You see, under the current system, when we graduate we’ll start paying back our fees as soon as we earn over £15,000. Students going in under the new system won’t pay anything back until they’re earning over £21,000 and they’ll pay £540 a year less than they would currently.
Meanwhile there will be more bursaries for students from poorer backgrounds, no one will have to pay fees upfront (unlike part-time students under the current system), all unpaid debt is written off after 30 years and the percentage of your income you pay won’t change whether your uni charges £6,000 a year or £9,000 a year. In short, it works exactly like a graduate tax.
In the last edition of The Stag, Dan Stevens wrote an article support Labour’s new policy of capping fees at £6,000. Incidentally, Dan Stevens is a Labour Councillor, something he didn’t mention – hardly surprising he’s supporting the party line.
Now, hands up, I’m a Lib Dem so I can’t claim that I’m not biased either. I think Nick Clegg was wrong to break his promise on fees, but I don’t want students to be misled by Labour either.

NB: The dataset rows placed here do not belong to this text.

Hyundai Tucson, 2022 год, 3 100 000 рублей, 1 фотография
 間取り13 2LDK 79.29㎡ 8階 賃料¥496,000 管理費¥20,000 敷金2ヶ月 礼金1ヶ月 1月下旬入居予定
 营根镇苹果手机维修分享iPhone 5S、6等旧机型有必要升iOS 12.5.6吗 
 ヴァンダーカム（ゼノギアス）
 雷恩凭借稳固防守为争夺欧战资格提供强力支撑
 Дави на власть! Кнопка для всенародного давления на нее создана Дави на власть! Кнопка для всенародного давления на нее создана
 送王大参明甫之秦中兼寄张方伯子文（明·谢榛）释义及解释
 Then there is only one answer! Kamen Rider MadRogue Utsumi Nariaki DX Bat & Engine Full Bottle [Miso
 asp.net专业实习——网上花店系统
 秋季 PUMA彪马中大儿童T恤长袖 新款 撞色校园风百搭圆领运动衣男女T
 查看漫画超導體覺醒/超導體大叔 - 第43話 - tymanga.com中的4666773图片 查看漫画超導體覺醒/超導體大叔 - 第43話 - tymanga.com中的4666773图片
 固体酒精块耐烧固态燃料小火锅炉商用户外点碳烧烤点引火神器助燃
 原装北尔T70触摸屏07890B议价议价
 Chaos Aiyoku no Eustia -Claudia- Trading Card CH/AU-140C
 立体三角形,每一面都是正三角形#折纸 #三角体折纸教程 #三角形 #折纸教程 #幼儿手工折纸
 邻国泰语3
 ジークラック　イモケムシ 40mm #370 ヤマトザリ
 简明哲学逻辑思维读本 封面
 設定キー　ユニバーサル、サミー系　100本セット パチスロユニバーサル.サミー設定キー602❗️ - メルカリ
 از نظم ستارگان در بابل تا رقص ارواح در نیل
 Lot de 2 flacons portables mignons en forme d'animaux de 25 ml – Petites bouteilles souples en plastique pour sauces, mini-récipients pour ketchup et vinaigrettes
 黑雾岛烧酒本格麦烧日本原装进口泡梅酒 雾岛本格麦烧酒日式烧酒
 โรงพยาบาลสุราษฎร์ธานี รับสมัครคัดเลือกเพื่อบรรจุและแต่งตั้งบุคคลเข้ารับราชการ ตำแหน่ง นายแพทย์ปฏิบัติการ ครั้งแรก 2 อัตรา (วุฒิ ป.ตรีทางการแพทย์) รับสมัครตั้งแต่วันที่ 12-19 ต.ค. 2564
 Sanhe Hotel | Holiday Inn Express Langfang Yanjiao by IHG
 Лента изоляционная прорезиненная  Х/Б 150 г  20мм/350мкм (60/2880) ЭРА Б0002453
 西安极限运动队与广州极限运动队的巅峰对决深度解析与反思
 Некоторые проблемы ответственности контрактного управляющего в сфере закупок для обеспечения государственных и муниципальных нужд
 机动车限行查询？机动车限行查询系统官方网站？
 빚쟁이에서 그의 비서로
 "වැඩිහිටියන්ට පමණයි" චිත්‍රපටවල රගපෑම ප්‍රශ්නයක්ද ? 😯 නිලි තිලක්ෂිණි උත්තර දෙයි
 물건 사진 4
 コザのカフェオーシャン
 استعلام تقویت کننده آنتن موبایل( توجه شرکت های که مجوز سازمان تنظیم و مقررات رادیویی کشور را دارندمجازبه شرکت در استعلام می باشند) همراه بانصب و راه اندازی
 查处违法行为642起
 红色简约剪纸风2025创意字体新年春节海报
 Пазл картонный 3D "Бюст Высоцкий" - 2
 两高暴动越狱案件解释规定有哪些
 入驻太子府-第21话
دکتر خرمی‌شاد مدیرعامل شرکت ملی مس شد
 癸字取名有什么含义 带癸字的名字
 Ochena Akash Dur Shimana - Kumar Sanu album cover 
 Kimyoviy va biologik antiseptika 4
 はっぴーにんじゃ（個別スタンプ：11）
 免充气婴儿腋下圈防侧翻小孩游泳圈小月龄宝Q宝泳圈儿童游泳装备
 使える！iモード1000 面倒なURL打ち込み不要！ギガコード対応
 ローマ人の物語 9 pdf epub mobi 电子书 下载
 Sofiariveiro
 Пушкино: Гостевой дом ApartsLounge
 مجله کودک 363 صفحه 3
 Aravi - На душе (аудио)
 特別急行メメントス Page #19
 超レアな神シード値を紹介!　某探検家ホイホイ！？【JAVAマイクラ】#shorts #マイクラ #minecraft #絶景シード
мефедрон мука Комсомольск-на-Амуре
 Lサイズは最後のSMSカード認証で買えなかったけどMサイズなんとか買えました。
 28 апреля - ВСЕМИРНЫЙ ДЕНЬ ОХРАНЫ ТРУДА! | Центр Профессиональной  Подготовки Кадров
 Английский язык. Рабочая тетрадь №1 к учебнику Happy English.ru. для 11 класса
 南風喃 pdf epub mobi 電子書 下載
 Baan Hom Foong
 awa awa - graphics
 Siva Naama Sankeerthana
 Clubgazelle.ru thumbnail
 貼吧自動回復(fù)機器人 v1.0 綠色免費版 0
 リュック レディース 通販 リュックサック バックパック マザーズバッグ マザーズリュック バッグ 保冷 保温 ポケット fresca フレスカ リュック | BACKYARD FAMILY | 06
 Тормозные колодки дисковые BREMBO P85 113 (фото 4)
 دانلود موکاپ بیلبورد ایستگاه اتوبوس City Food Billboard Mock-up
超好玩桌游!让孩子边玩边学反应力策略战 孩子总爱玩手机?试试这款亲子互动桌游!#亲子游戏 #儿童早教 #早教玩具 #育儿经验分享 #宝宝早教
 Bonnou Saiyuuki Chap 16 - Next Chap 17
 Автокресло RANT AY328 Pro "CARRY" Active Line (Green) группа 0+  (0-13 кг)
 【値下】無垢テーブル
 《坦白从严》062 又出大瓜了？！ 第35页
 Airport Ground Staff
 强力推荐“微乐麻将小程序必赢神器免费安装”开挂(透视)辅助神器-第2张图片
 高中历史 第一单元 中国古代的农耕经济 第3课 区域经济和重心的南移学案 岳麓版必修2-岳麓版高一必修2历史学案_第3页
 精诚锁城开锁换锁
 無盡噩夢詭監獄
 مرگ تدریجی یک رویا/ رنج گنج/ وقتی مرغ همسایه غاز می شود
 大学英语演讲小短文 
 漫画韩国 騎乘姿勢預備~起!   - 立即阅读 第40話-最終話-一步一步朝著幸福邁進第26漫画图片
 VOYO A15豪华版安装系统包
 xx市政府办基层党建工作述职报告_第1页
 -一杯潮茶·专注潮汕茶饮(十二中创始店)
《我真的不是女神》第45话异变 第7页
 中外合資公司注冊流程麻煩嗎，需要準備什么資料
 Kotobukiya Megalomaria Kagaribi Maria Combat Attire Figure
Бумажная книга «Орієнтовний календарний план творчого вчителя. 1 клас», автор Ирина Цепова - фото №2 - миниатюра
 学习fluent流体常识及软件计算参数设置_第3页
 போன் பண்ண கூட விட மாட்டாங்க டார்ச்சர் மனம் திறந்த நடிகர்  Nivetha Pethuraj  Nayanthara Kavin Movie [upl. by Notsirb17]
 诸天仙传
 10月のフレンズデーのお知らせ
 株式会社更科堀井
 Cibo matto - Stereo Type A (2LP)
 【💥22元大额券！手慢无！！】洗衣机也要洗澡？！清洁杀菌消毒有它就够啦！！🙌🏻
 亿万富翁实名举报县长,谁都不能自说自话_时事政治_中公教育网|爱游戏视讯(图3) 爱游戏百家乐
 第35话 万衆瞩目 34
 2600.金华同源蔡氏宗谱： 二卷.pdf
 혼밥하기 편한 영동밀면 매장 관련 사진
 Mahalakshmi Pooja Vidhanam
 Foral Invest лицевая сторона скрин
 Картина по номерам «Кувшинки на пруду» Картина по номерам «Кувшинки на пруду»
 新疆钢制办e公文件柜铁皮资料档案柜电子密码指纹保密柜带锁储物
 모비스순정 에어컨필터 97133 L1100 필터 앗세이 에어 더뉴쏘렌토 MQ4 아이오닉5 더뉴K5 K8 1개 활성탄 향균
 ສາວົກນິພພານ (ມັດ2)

What Dan failed to mention it was Labour who introduced fees after promising not to, who tripled fees after promising not to, who commissioned the fees review which the government implemented, who then did a U-turn to oppose the findings of review they’d started and Labour who now, just six months after calling for a graduate tax, have broken yet another policy and are saying that fees should only be doubled rather than tripled.